Phoronix comes to the same conclusion:
http://www.phoronix.com/scan.php?page=article&item=amd-crimson-linux&num=1
Maybe this is why Windows 10 removed the old Catalyst Control Center a few days ago? A bit early, sure, but still...
Not the driver, that's out, but that they are going to change how they do drivers. They've said that numerous times before, and always the situation is the same. They are very slow at getting actual release drivers out (they are forever beta versions) and their OpenGL performance and support is garbage (to the point that HFSS would fail to run on systems with AMD cards).
So AMD: Less talk, more good drivers. I want to support you, I really do, but I've been burned too many times.

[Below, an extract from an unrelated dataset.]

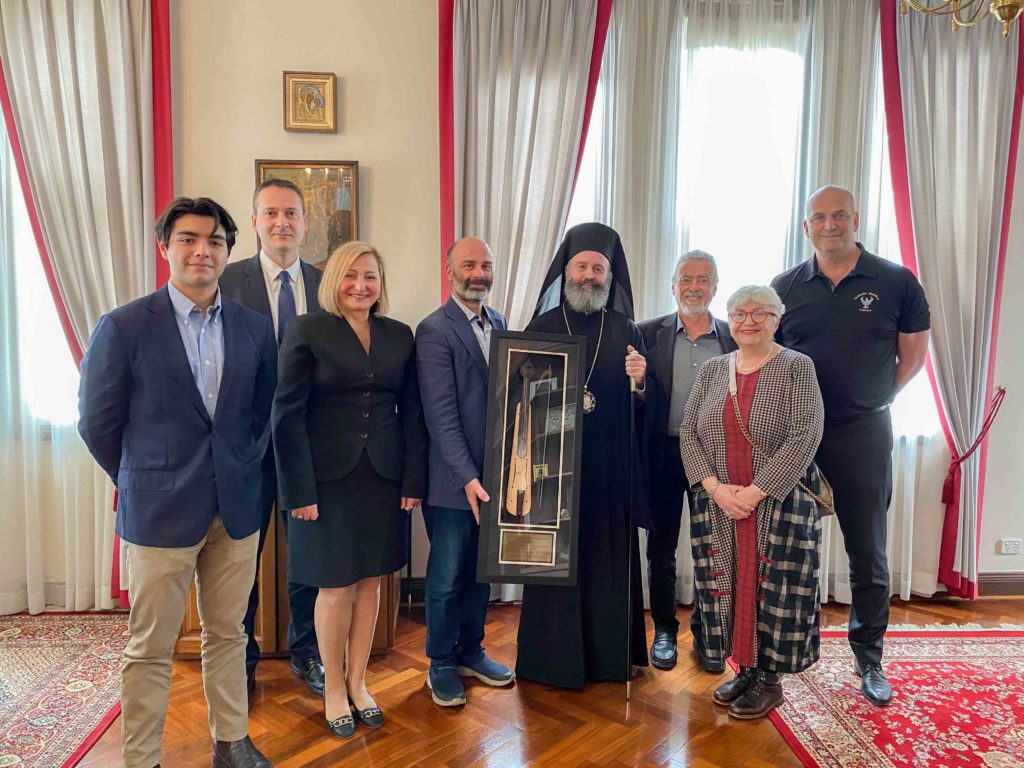 Συνάντηση Αρχιεπισκόπου Αυστραλίας-Αντιπροσωπείας «Παναγίας Σουμελά»
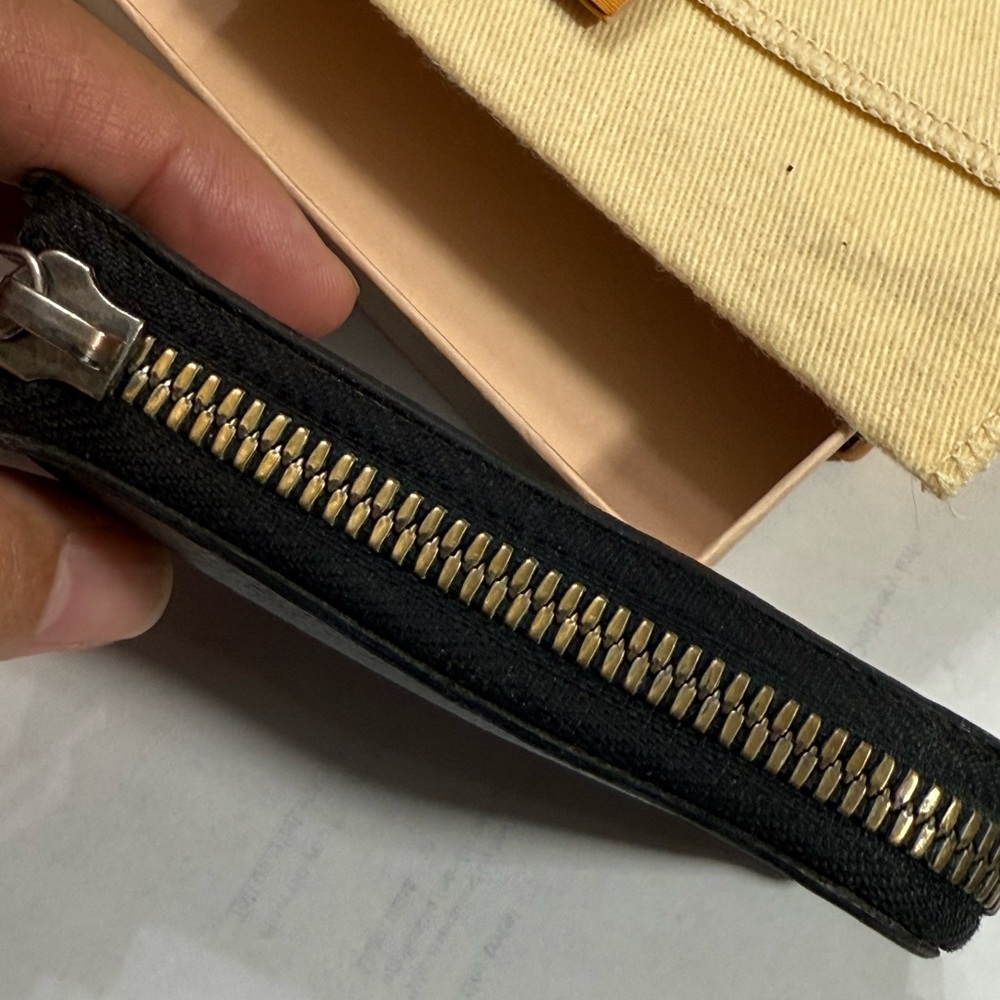 Louis Vuitton Eclipse Coin Purse Wallet Black - Picture 9 of 16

It wouldn't surprise me if at some point the open source driver would catch up to the closed source one. AMD would do well to direct their driver-related efforts in converging the two. That is: if they feel a closed source driver is needed, base it on open source components as much as practical. And put improvements back into those open source parts where possible.
From what I've read, AMD has already made some moves in that direction. Which is a good thing. Shared effort (community <-> AMD), limited resources, etc. Regardless of what products AMD kicks out, software is a significant part of making those products successful. And the open source crowd should NOT be ignored in that process (luckily that's not the case, but hey there's always room for improvement :-). Even if it were just a way to offload some of the work to 3rd parties.

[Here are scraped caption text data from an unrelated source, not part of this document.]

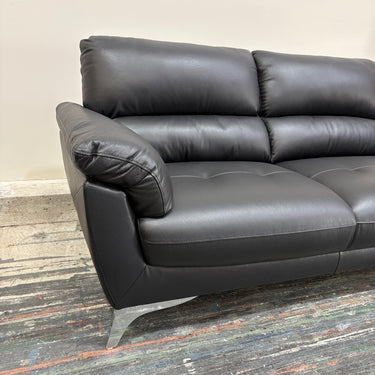 Averlyn 2 Seater Sofa | Soft Black Leather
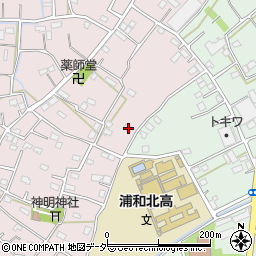 埼玉県さいたま市桜区塚本62周辺の地図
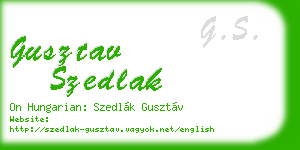 gusztav szedlak business card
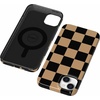 image:imageCasely iPhone 14 Case  Falling for You  Plum Floral  Compatible with MagSafe  Classic Ultra Slim DesignFit Check  Black  Brown Checkerboard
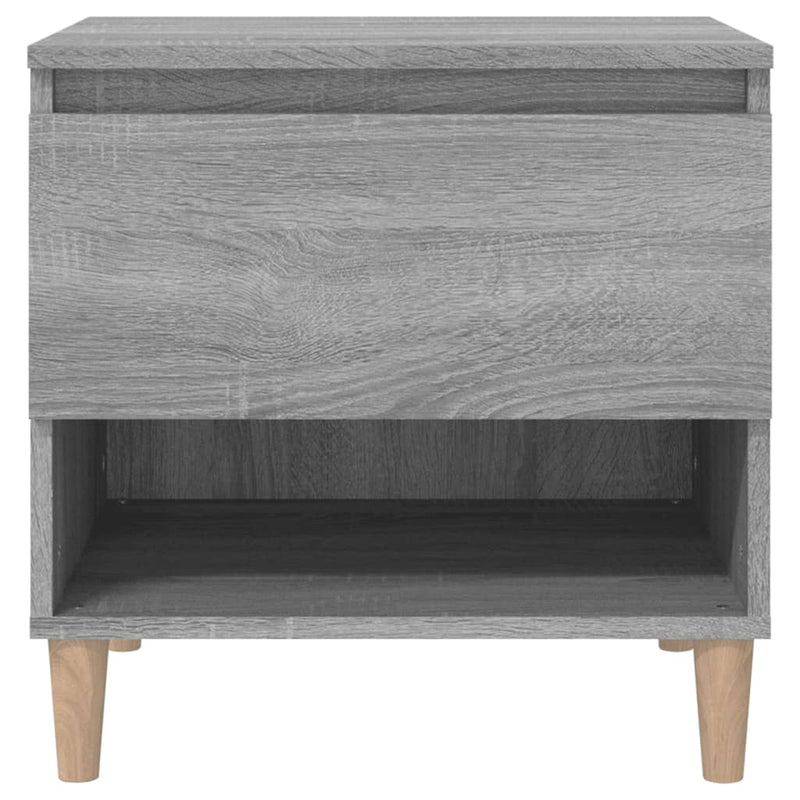 vidaXL 2 db szürke sonoma színű szerelt fa éjjeliszekrény 50x46x50 cm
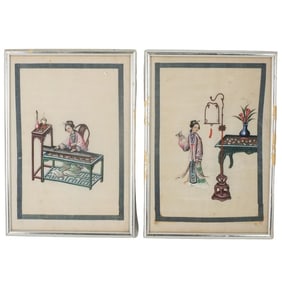 Pair of Chinese Paintings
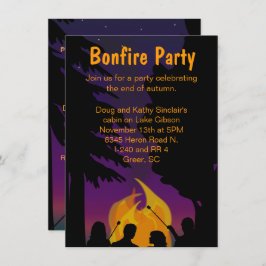 Bonfire Outdoor Party Two Sided Invision Kaart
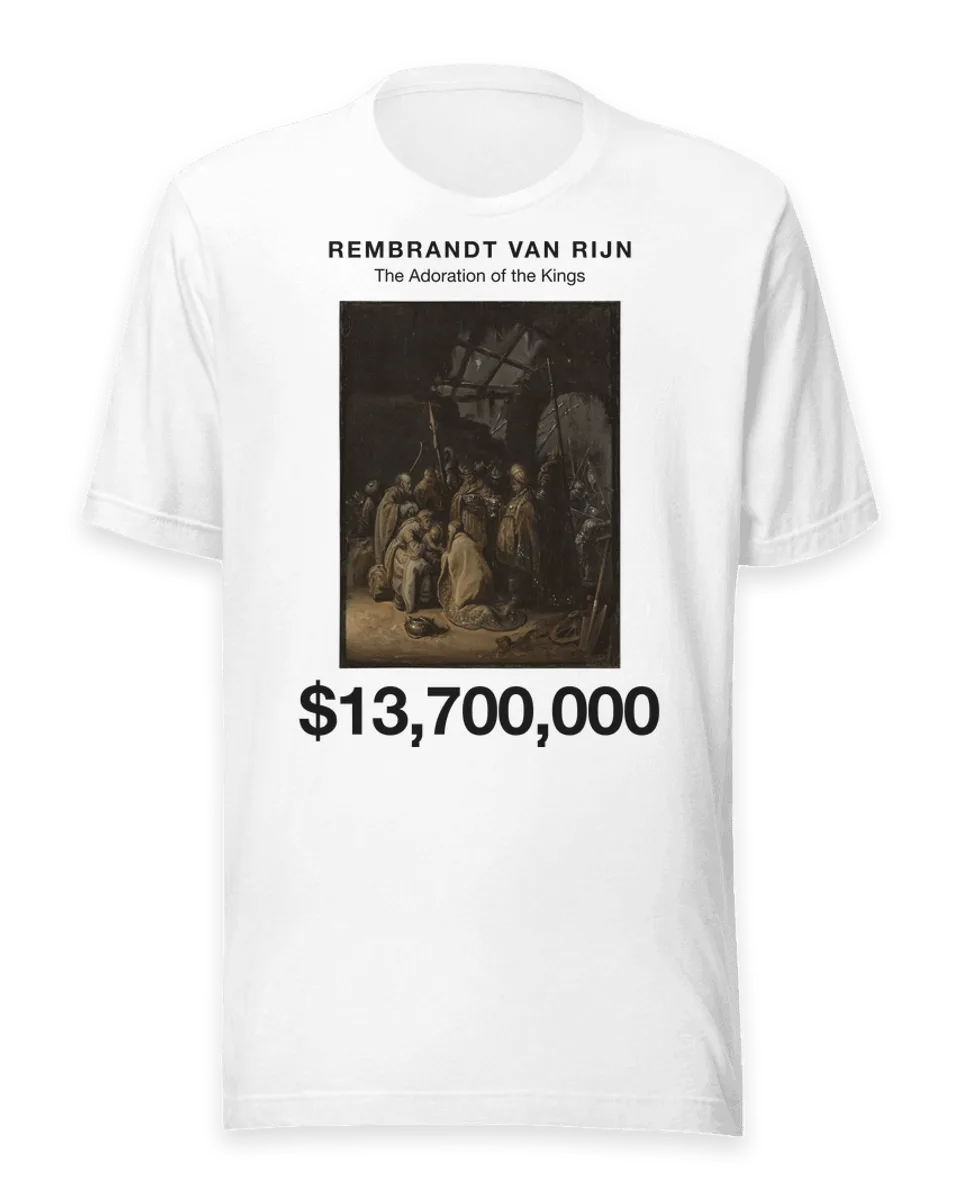 T-shirt: The Adoration of the Kings by Rembrandt van Rijn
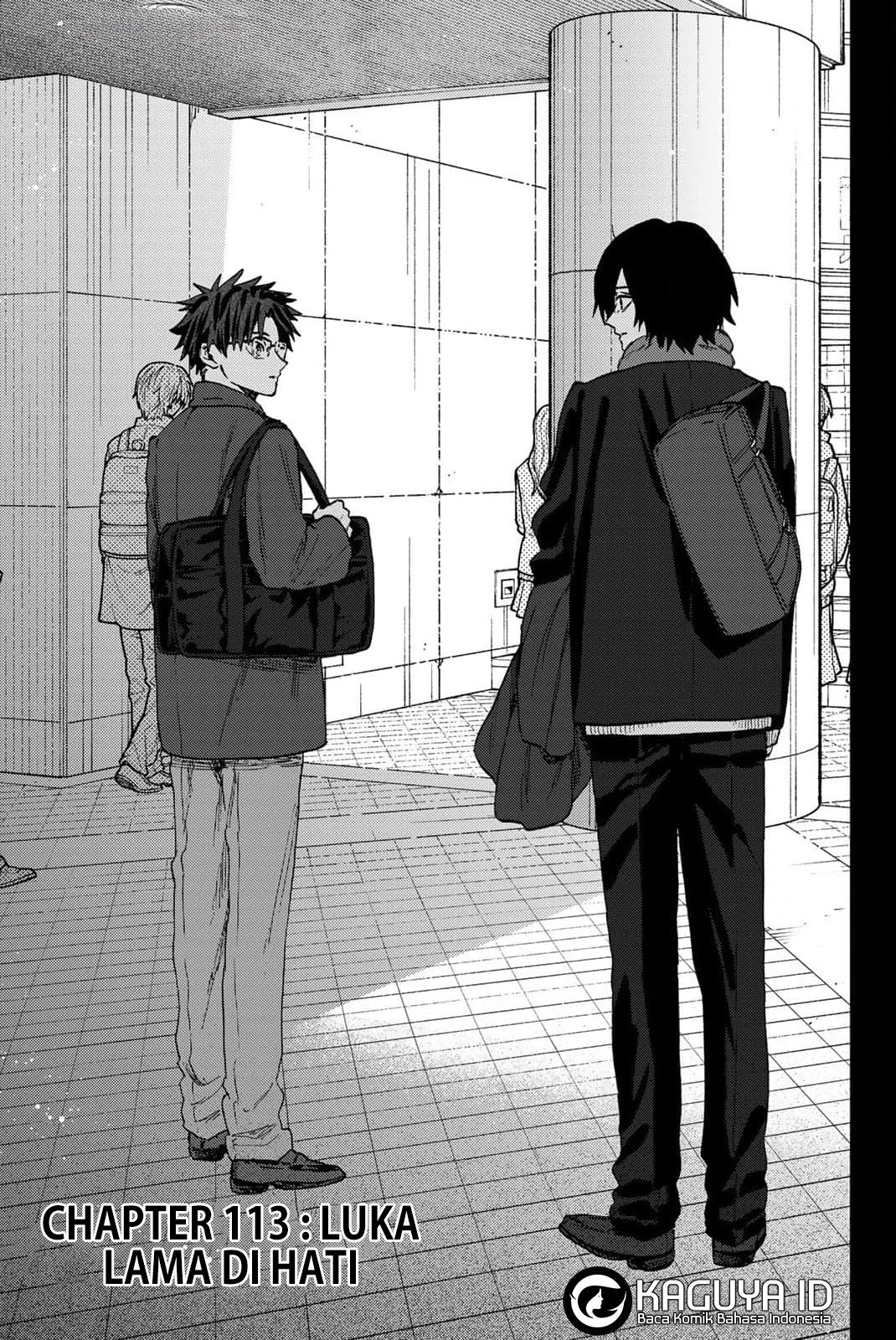 Manga Kaoru Hana wa Rin to Saku Chapter 113 gambar nomor 2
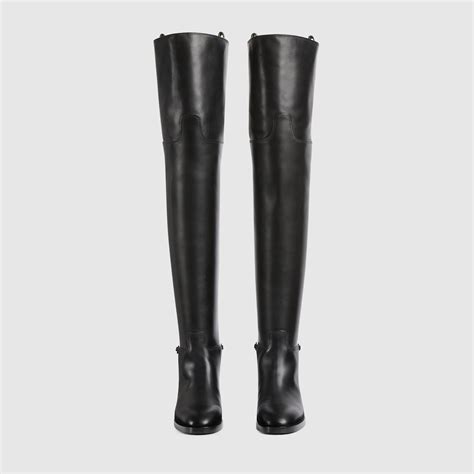 Women's slim Horsebit knee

The problem is that the "driver" nowadays isn't really a driver. The hardware still pushes the same shaders etc. to the card, over a standardised bus.
The problem is that the "driver" nowadays is a bunch of shortcuts and re-optimised shaders for particular operations, which are heavily dependent on how the games operate and basically "overrules" what the game wants the shaders to do, for the sake of per-game performance increases by sacrificing things that are sub-optimal on that particular card / game combination. Why else do you think that "new game X" suddenly needs a driver update to work when the game is using DirectX and the card is compliant with that level of DirectX?

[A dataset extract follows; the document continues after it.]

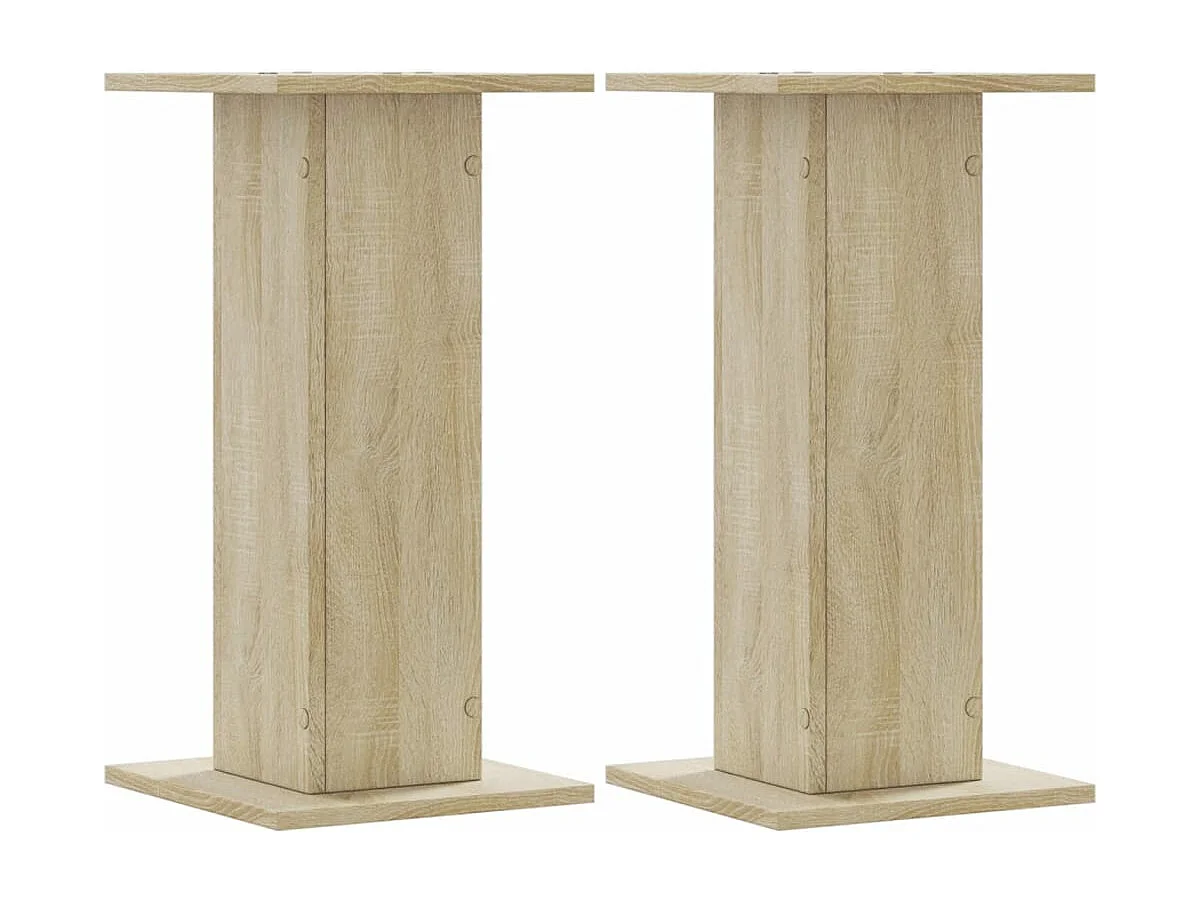 Lautsprecherständer, 2 Stück, Sonoma-Eiche, Holzwerkstoff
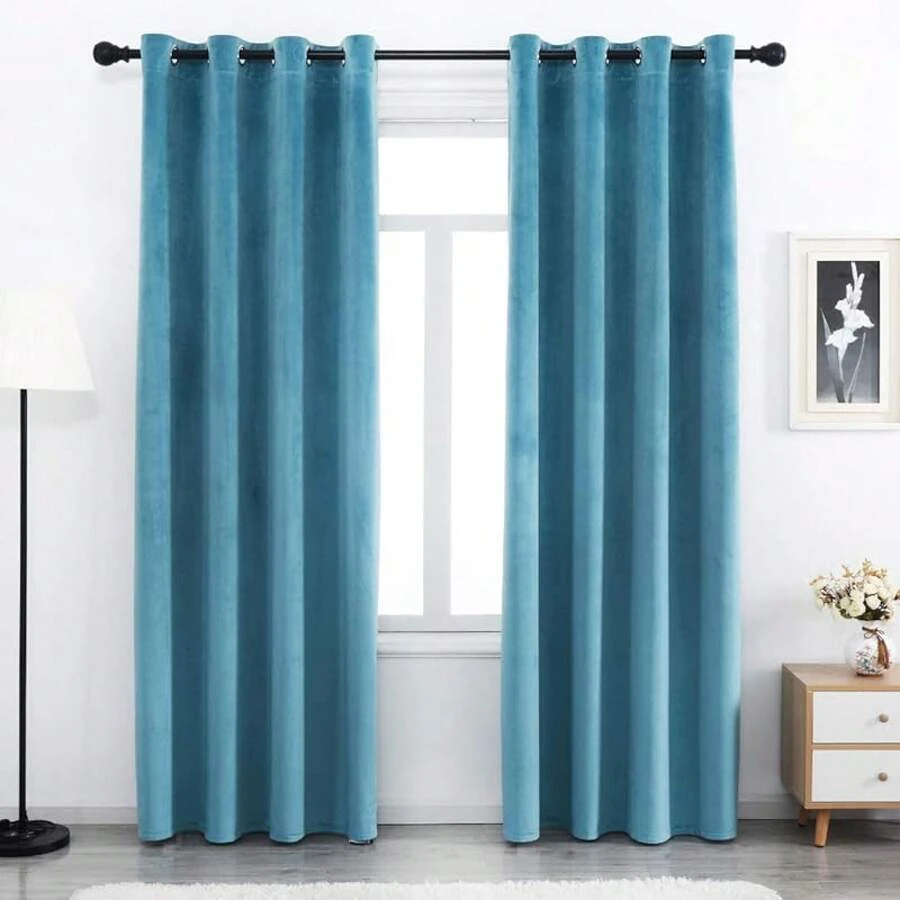 White 54 Inches Long - Grommet Thermal Insulated Window Treatment Bedroom, Filtering Set Of 2 Panels, Popular Window Decor - Pirus - View 1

In essence, this is tied quite tightly to DirectX. So the reason that the "drivers" often suck is that they are Windows-specific bodges to increase performance for individual games. That won't translate to even a Linux/OpenGL port of the same game on the same hardware, let alone for EVERY OpenGL game on EVERY Linux on ALL supported hardware.
And the investment is not in making a particular hardware faster, or pushing more texels over the standardised buses than before, but in optimising the hardware response for a particular game - which is labour-intensive and has to be redone for every game on every platform for each supported card.
AMD gets knocked for their drivers, but you have to wonder how much is due to intervention from the competition? I still remember Unreal Tournament 2003 would start the game with a character breaking through an nVidia logo. If games are optimized for nVidia hardware, can we really tell if performance of AMD is that much worse? Is there a test that is guaranteed not to favor any card?